AIM OF THE TASK: For the material below, the expected output is exactly the lines between the line holding "Where do plants grow best?" and the line holding "ZZ Plant (Zamioculcas zamiifolia)", inclusive, with pictures left out.

DATA FOR ANALYSIS:
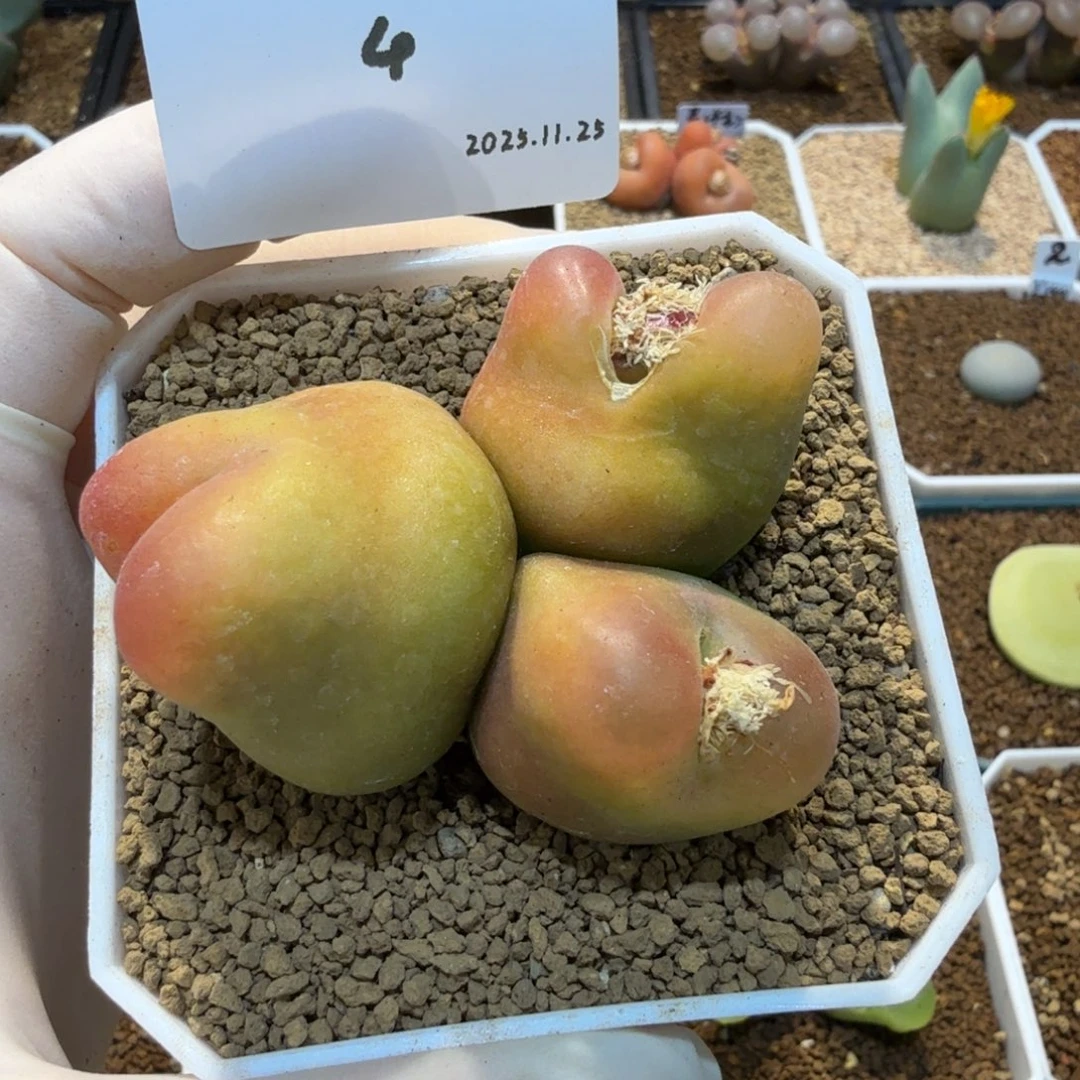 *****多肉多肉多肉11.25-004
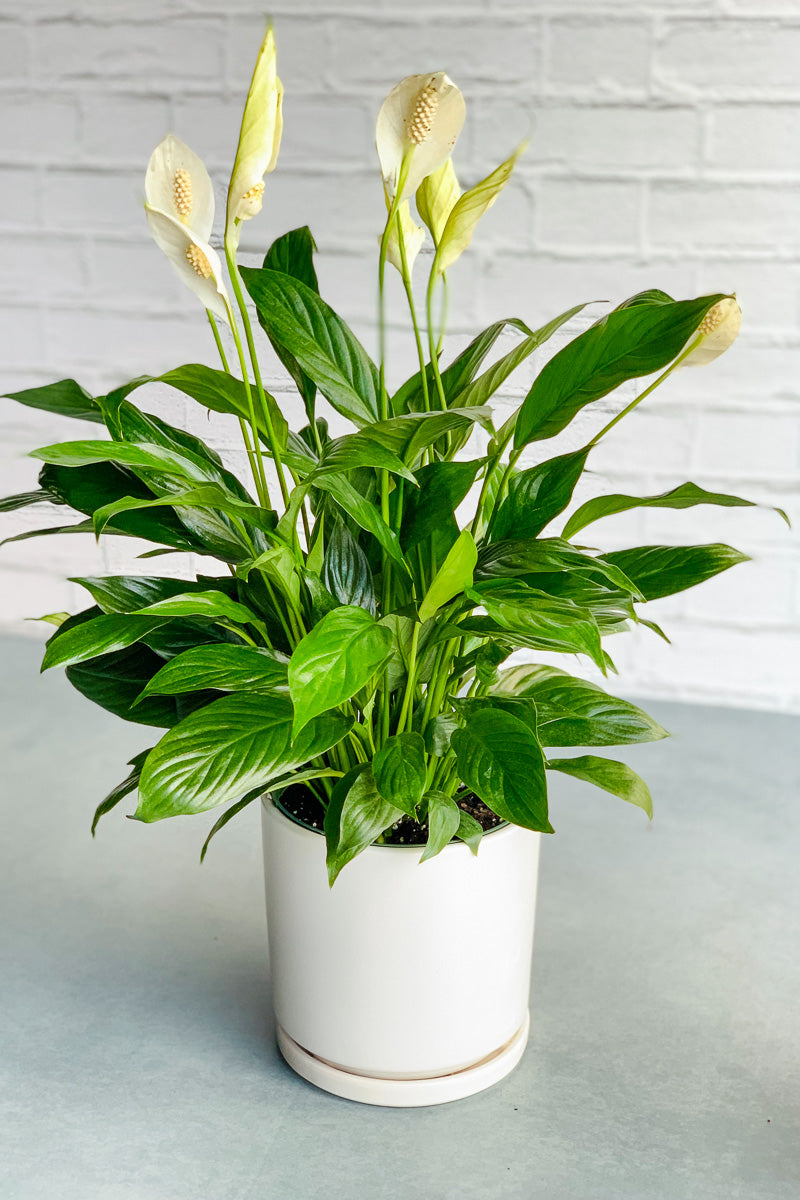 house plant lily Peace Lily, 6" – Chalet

* * *

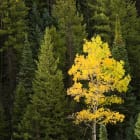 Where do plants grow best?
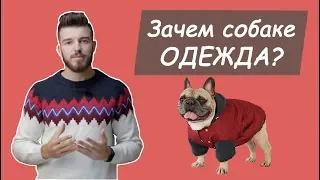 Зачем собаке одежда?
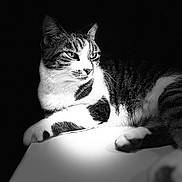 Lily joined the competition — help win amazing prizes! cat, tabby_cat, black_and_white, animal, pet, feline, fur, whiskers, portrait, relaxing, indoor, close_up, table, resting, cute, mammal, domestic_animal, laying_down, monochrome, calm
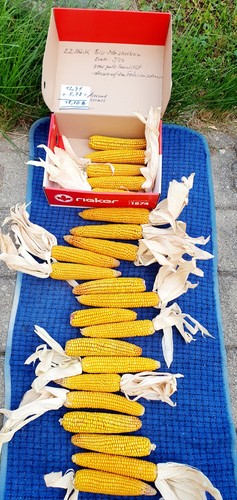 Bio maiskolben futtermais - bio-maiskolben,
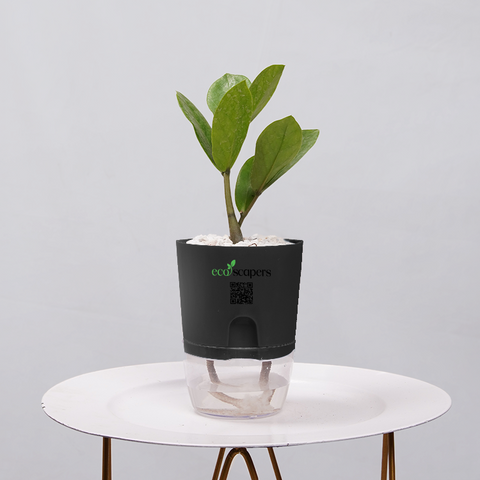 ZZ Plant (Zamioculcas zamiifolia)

--

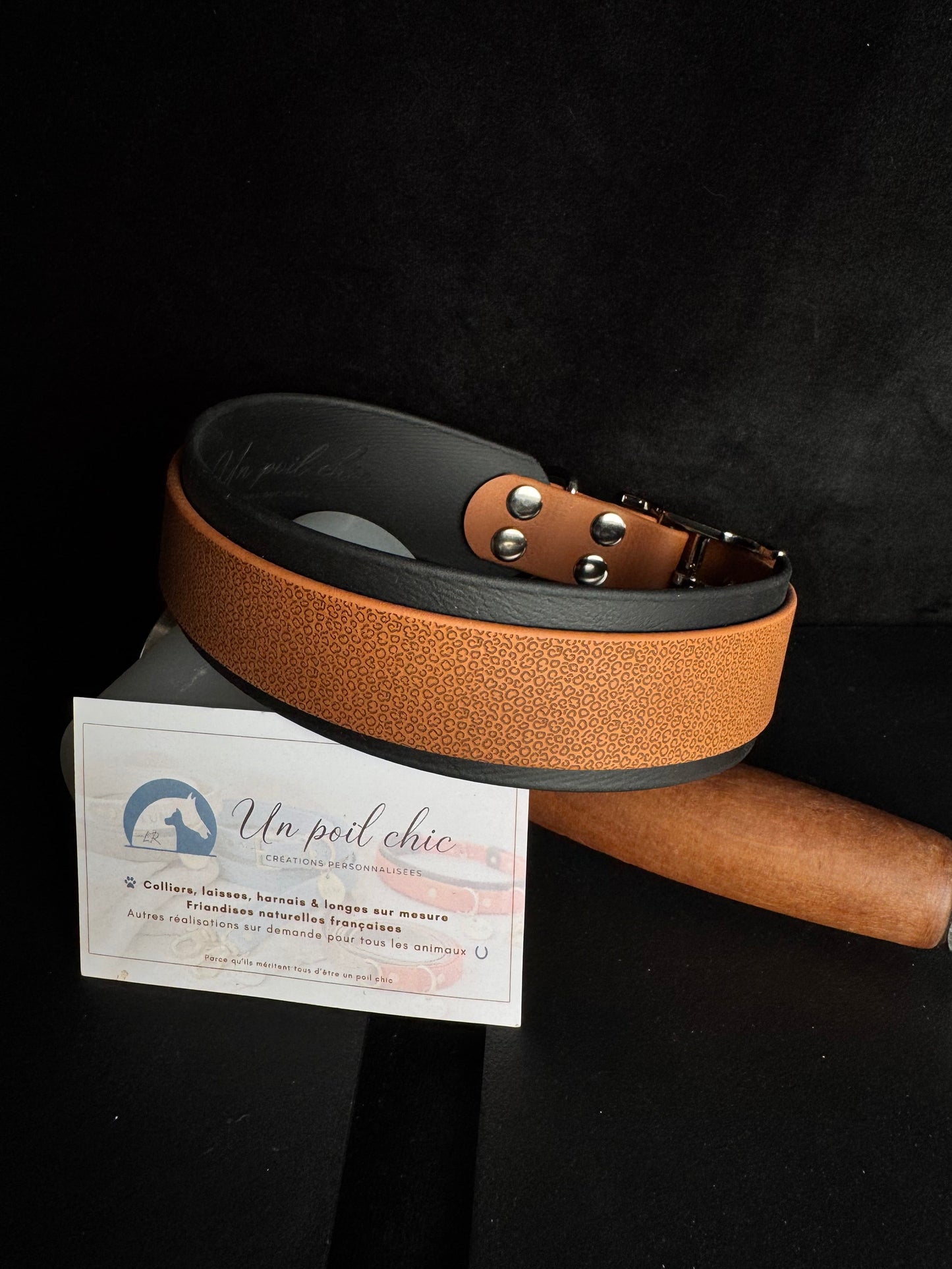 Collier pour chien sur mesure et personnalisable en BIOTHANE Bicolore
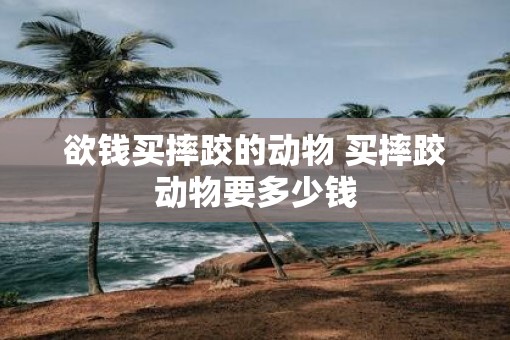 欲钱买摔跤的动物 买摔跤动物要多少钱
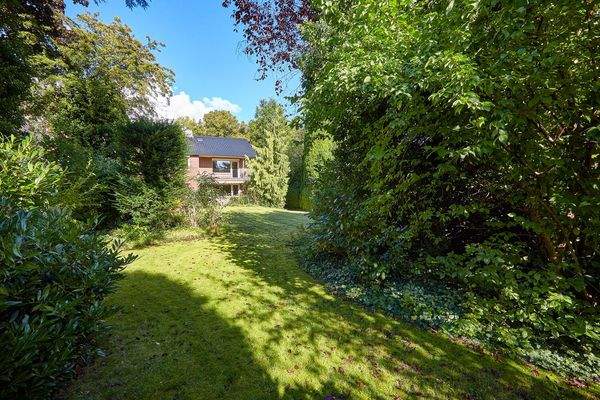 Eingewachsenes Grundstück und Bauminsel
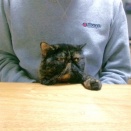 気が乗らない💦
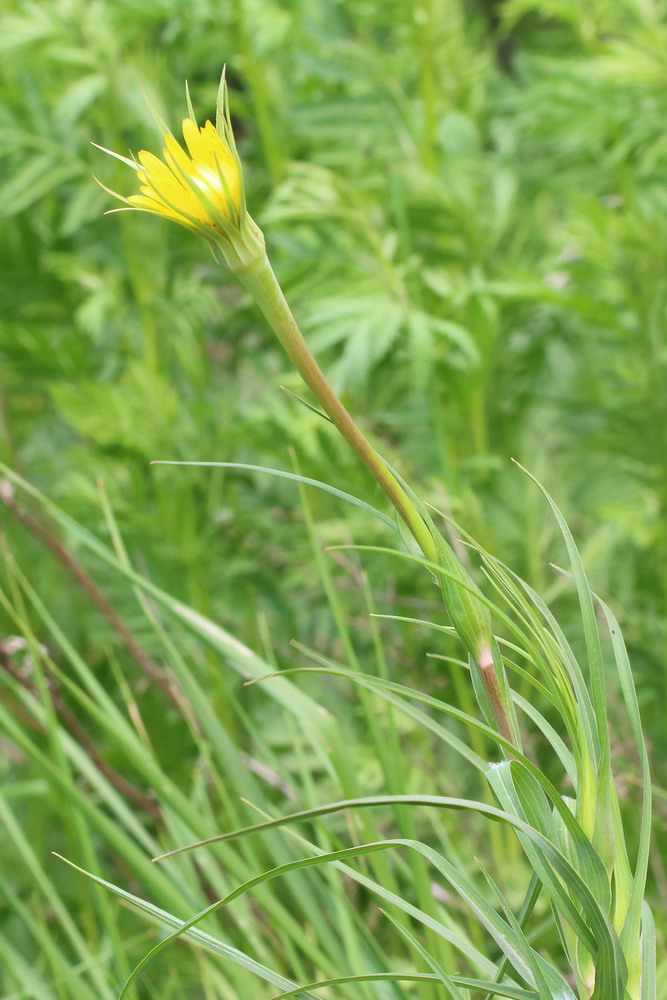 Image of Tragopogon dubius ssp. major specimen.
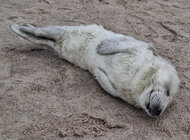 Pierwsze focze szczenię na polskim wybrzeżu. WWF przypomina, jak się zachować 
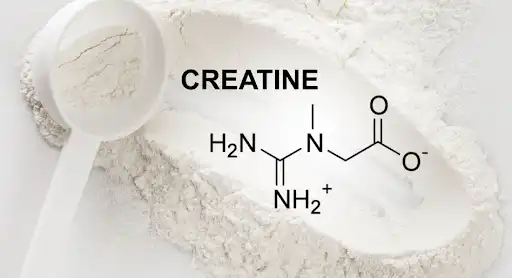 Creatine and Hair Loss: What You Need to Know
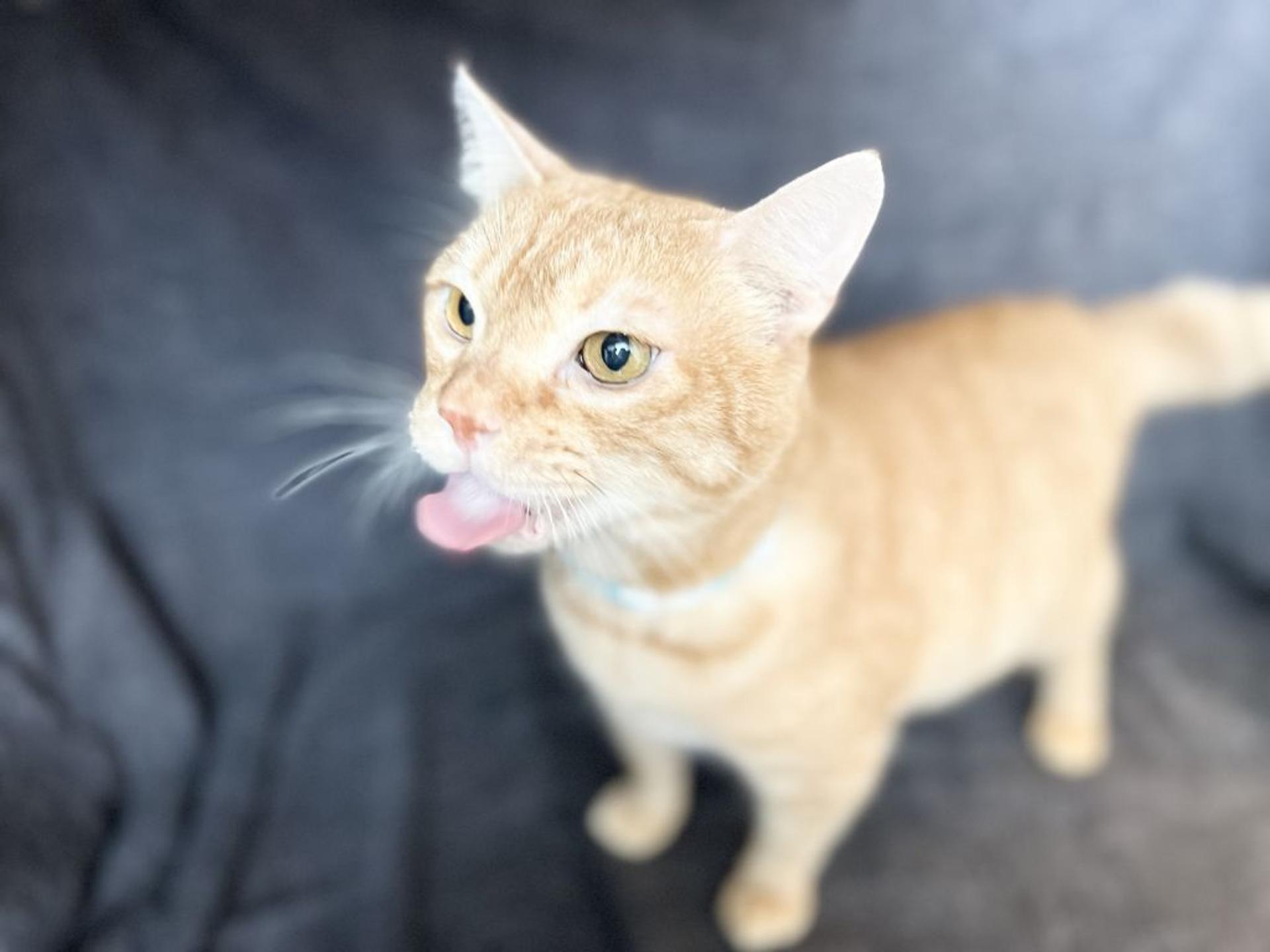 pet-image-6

SOLUTION BELOW:
 Where do plants grow best?
 Зачем собаке одежда?
 Lily joined the competition — help win amazing prizes! cat, tabby_cat, black_and_white, animal, pet, feline, fur, whiskers, portrait, relaxing, indoor, close_up, table, resting, cute, mammal, domestic_animal, laying_down, monochrome, calm
 Bio maiskolben futtermais - bio-maiskolben,
 ZZ Plant (Zamioculcas zamiifolia)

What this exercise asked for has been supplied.